Virtualized software environments

By now, I’ve ironed out most of the problems that arose during my time installing CellProfiler on our cluster. Though the actual science can now begin, and this is where my focus should lie (just after finishing my NSERC application, of course), I can’t help but thinking about simpler ways to install complex software. This application runs in python, with many dependencies written in C (e.g hdf5, ATLAS). There is currently no build system provided other than a makefile, which is a bit brittle. I think this underscores the focus of the CP developers on desktop installations, rather than cluster or cloud computing environments.

CellProfiler requires a version of Python that was not installed on our cluster nodes.
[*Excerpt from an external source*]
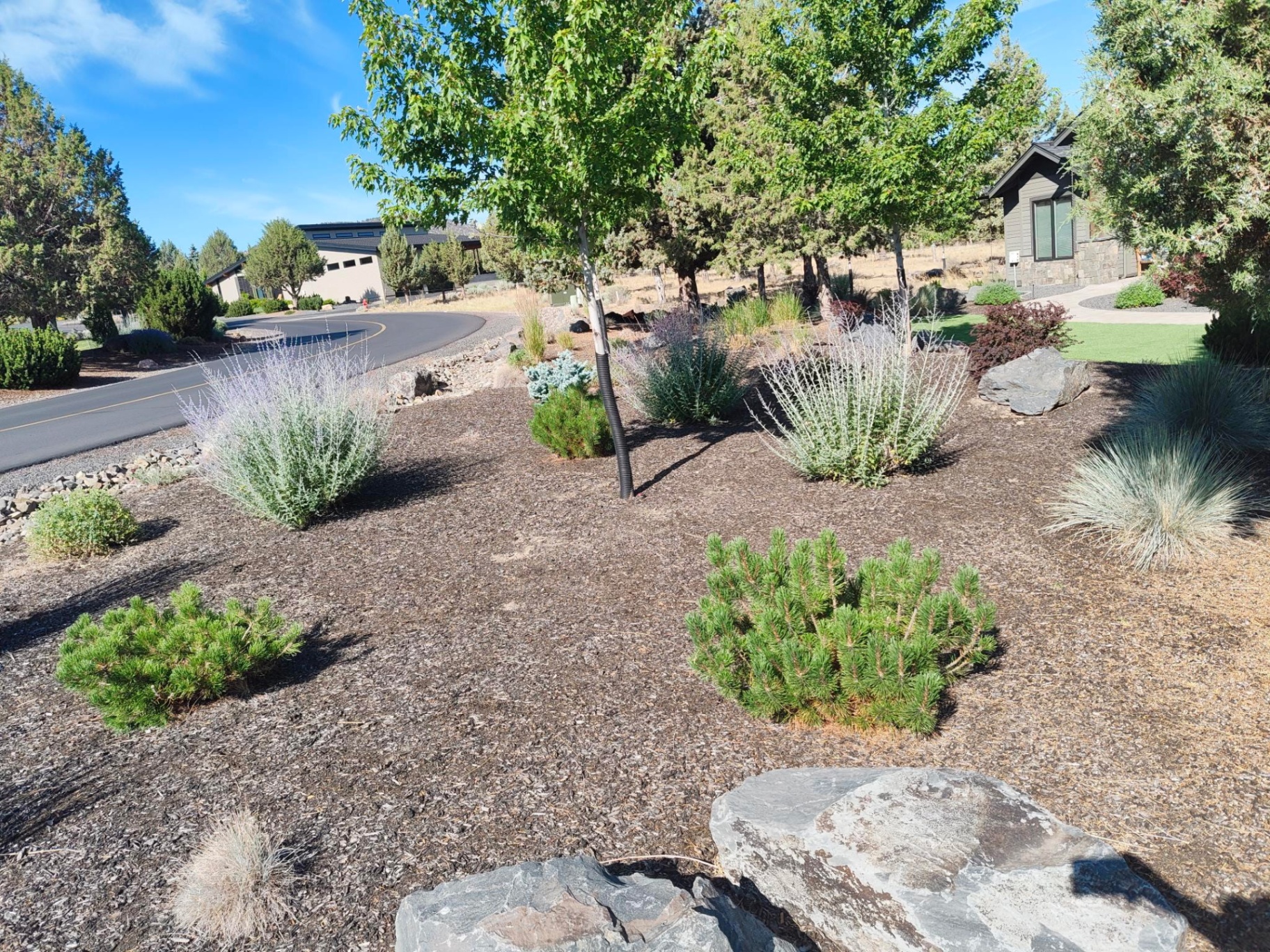 Drought-tolerant front yard with Russian sage, mugo pines and basalt boulders in Bend Oregon in Redmond, OR by A1 Lawn & Landscape of Bend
This suggests a solution which would let it run in a virtual environment. Here are two such alternatives that would likely have made this a less time-consuming process:

  • Virtualenv: A python package that provides virtual python environments. This is actually recommended on the CP2 wiki. A great introduction to virtualenv is found here
  • CDE: A form of linux-centric lightweight application virtualization. It runs your application, noting everything that is imported and creates a self contained package with all the dependencies included. Yaroslav Bulatov has a short intro on his blog. A larger series of use cases reside at the CDE website.

Note that since I’ve gone through the hard part of creating a virtualized environment from scratch, I haven’t actually used either of these 🙂 The next time I’m asked to install something unwieldy that has loads of dependencies though, will be a different story.